変容し続ける場を感じ、その都度、仮設する。上記した問題から照らし出すなら、この仮設こそが即興の見所になる。雨音を感じ、場の薄暗い空気を感じ、ゆっくりと舞台空間に足を踏み入れる。観客の威圧感とともに、自分がそこにいることを感じる。そこにいる自分はどんな気持ち?その気持ちにどう反応する?そう反省を進めるなかに「仮設」は生まれるだろう。ある程度は、開演前に用意したものも「仮設」の手段になる。衣装や小道具など。光を感じ舞台にいる自分を感じる、自分の身体の履歴をインデックスのようにめくり、いまの自分を「仮設」する。さて、さて。
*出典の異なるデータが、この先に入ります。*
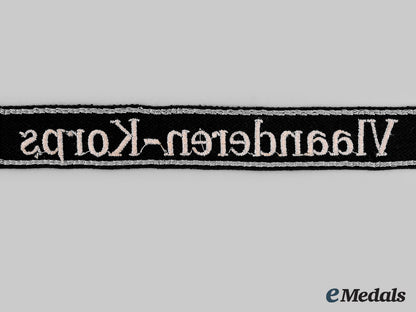 germany,_ss._a_rare_vlaanderen_korps_cuff_title_m19_25391_1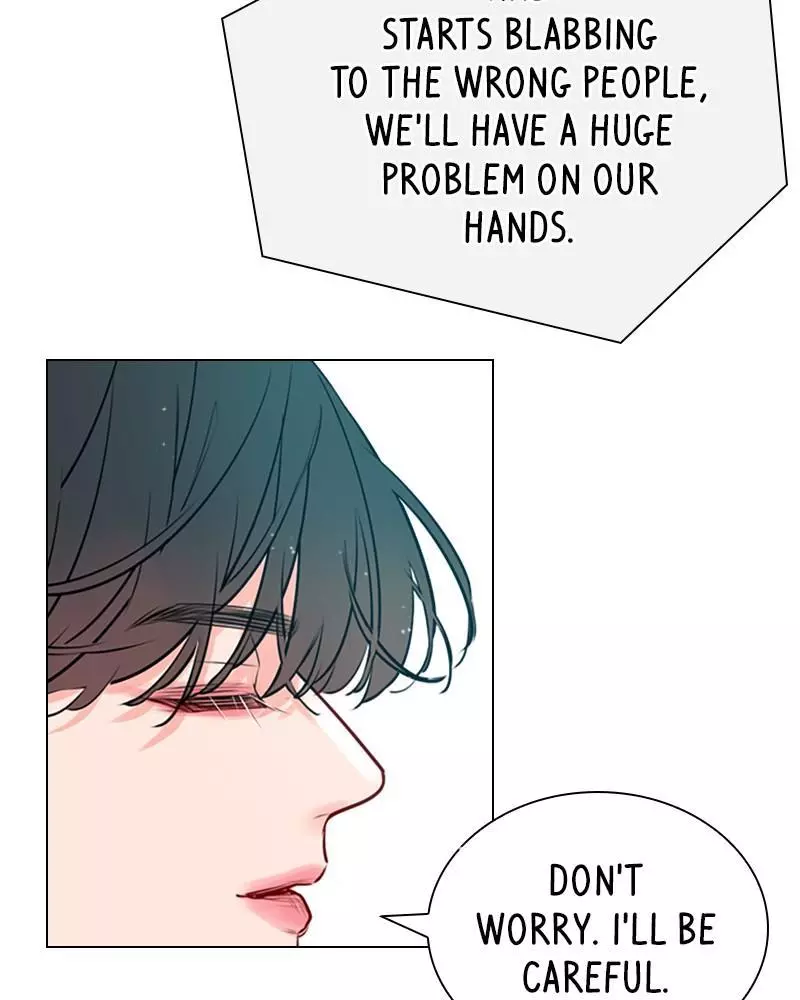 Manga page 61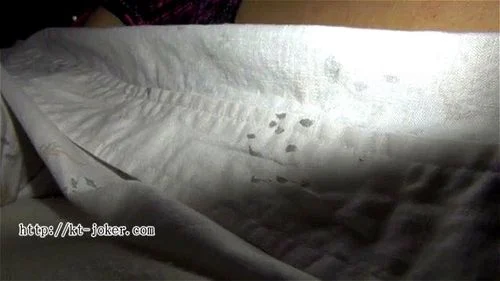 夢の中の快楽: Japanese, Mature & 中だし Porn - SpankBang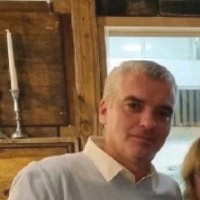 Vladimir Sankovic
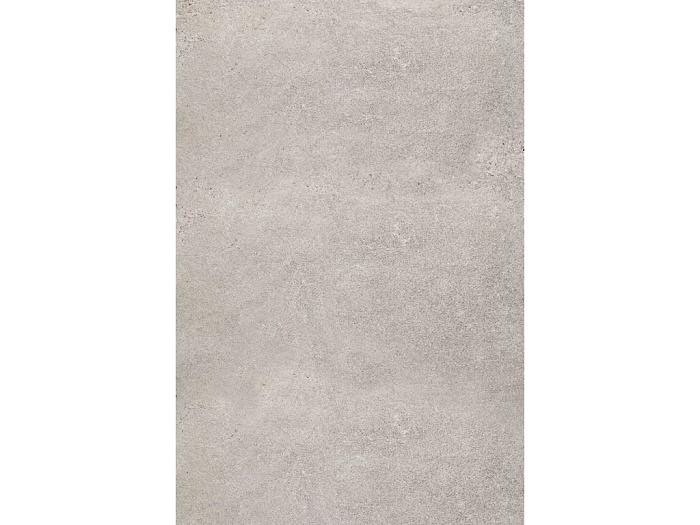 Фото Террасная плитка из керамогранита Paradyz Optimal Grys, 895*595*20 мм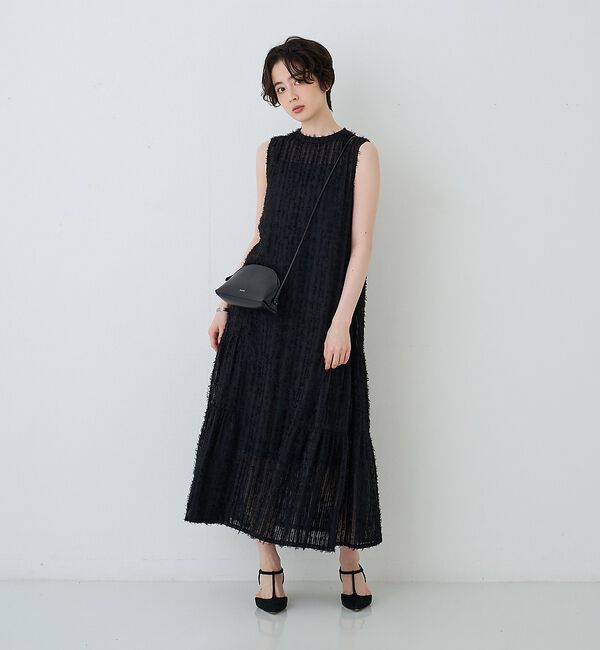 Rouge vif「【YAHKI/ヤーキ】SOFT W FACE ショルダーバッグ【予約】」|ショルダー・メッセンジャー|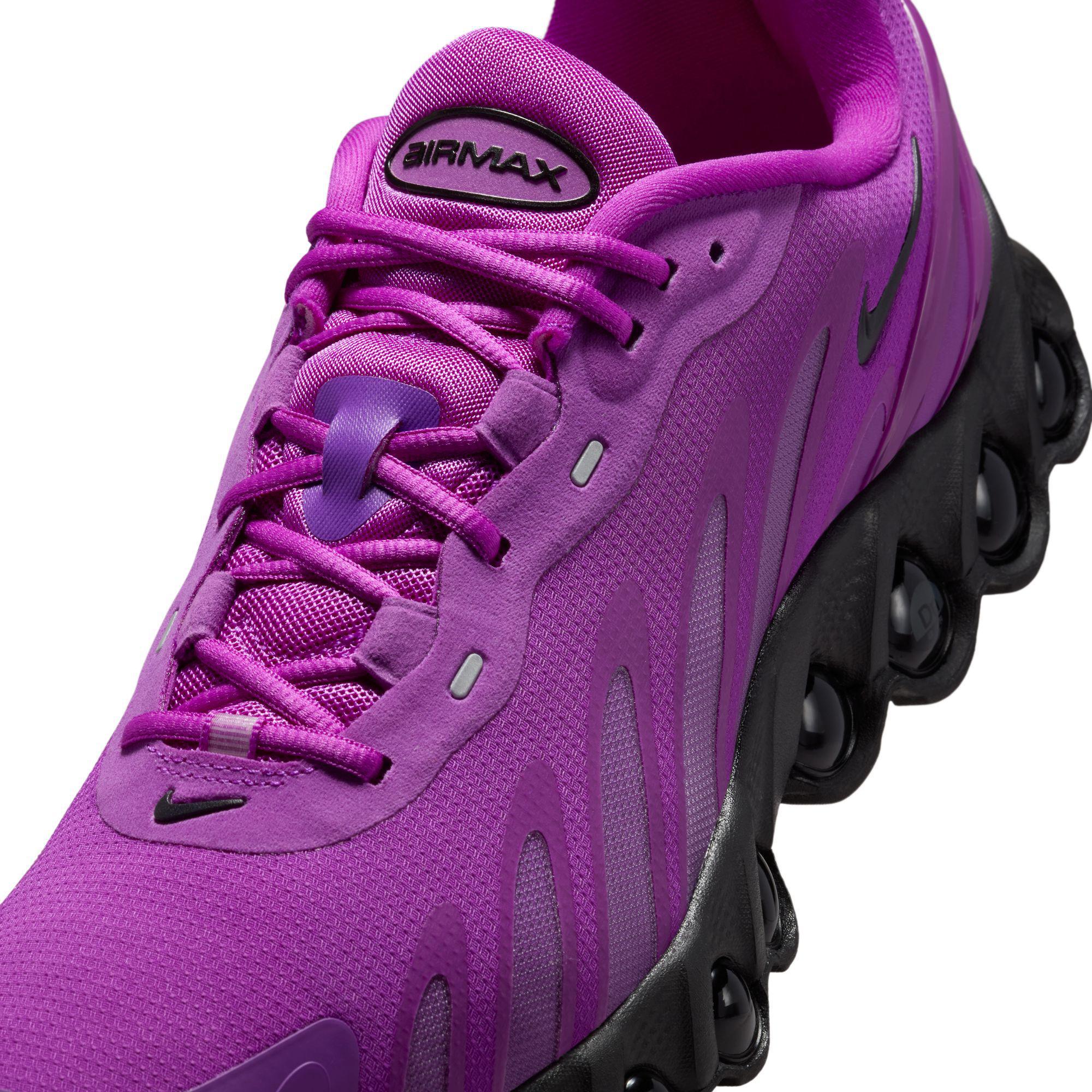Nike Air Max Dn8 'Vivid Purple'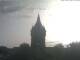 Dessau 03.06.2025 07:50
この「仮設」を可能な限り準備不足の状態から始めようとするパフォーマーに、狩生健志(「国」)がいる。彼は、マイク一つだけ握り、舞台に上がり、用意した台本をすっかり忘却したかのようなまるごと不安のような存在になって始める。目に見えるもの、耳に聞こえるもの、不意に思い出したこと、自分の喋った言葉から浮かんだ連想、観客のリアクション、それだけを頼りに進む。もちろんそれは、上手く進まない。彼の舞台外での振る舞いからすれば、シャイとは言えても口べたではない。適当なおしゃべりを繰り出せば、見事なマイク・パフォーマンスを披露し場を盛り上げるなんてことは難しくないはずだ。狩生はそうしない。そうしないことで、上手く進まない事態、上手く進められないパフォーマーの性能こそが見所になる。出来ることよりも出来ないことこそが見るべきものになっている。この奇妙な舞台芸術は、ぼくが思うに、そうすることで、パフォーマーの性能を確認することが鑑賞体験となっているパフォーマンスなのである。この確認は、観客とともにパフォーマーもしていることで、狩生の舞台空間では、誰もが平等にこの「性能の観察者」になることが出来る。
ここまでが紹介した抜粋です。